1977

 

Died:

16 August : Elvis Presley, US singer and performer

Killed:

27 March: 574 passengers and crew died in a runway collision involving two Boeing jumbo jets, one American, one Dutch, at Los Rodeos airport, Tenerife, in the worst disaster in airline history

Approved: approval of financing of neutron bomb by U.S. Senate

Opened: Paris: The Pompidou National Centre for Art and Culture

192

Human Rights Spotlight

Now a cause almost universally endorsed, even if only in rhetoric, human rights were given extra media attention this year after Amnesty International, the London-based human rights group, was awarded the 1977 Nobel Peace Prize in December.

Shortly after that, the group released a report which accused 116 UN member nations of imprisoning people solely for their beliefs or ethnic origins. Partly due to the organisation's lack of governmental ties, Ai had helped free 10,000 of these prisoners. However, political clout was also exercised for the benefit of human rights when U.S. President Jimmy Carter used America's political and economic influence to discourage human rights abuses.

And Carter was not merely talking. Policies were altered and Argentina, Uruguay and Ethiopia were the first to lose American aid. However, the Carter doctrine faced numerous challenges. The first was that America's own human rights record was far from spotless: AI's report condemned the unjust persecution of Blacks and American Indians. Another problem was the unclear yet sweeping definition of human rights. Yet another inconsistency was that of geo-political pragmatism: U.S. allies, such as the Shah's Iran, were subject to less criticism. In other cases, criticisms and sanctions were either ineffective or counterproductive, such as efforts to curb the USSR crackdown on dissidents which resulted in even harsher repression.

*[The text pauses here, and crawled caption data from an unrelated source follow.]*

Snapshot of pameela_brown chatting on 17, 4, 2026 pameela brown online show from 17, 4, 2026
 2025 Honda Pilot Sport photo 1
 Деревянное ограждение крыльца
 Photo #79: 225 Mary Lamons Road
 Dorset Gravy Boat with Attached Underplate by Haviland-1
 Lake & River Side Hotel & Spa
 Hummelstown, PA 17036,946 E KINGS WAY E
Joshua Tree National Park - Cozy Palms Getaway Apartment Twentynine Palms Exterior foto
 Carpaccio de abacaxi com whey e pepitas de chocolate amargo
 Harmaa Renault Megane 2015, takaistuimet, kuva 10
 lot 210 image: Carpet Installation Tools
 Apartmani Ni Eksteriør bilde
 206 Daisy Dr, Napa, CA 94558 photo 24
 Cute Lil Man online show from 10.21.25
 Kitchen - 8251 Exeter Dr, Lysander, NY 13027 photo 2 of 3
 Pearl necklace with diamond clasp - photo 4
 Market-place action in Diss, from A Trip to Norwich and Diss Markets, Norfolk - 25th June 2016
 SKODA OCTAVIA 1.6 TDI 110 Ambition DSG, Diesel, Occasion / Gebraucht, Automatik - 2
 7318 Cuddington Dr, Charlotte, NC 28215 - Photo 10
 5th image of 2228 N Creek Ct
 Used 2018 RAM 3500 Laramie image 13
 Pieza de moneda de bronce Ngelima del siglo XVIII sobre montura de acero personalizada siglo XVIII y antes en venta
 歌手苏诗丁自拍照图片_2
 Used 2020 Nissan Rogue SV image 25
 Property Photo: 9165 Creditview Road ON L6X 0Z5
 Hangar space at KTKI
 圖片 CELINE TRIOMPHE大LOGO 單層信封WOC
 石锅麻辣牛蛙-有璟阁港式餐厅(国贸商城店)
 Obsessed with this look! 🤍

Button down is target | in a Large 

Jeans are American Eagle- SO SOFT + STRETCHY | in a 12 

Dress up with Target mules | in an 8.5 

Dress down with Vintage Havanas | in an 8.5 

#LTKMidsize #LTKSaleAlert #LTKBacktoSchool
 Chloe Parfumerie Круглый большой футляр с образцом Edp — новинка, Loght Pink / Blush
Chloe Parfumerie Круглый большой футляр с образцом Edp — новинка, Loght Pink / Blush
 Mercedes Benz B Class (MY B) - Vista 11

Nonetheless, there were successes. Partly as a result of U.S. pressure, less Argentines "disappeared" because of state -sponsored death squads and political prisoners went free in many countries, including 35,000 between 1977 and 1980 in Indonesia alone. At the same time, more Soviet Jews were allowed to emigrate, from 10,000 in 1976 to 51,000 in 1979. Meanwhile, emboldened students in Czechoslovakia founded a group called Charter 77 which was devoted to monitoring the government's adherence to the Helsinki Accords and the UN Universal Declaration of Human Rights. Among the persecuted leaders of Chapter 77, Vaclav Havel, a Czech playwright, would one day become president of his nation.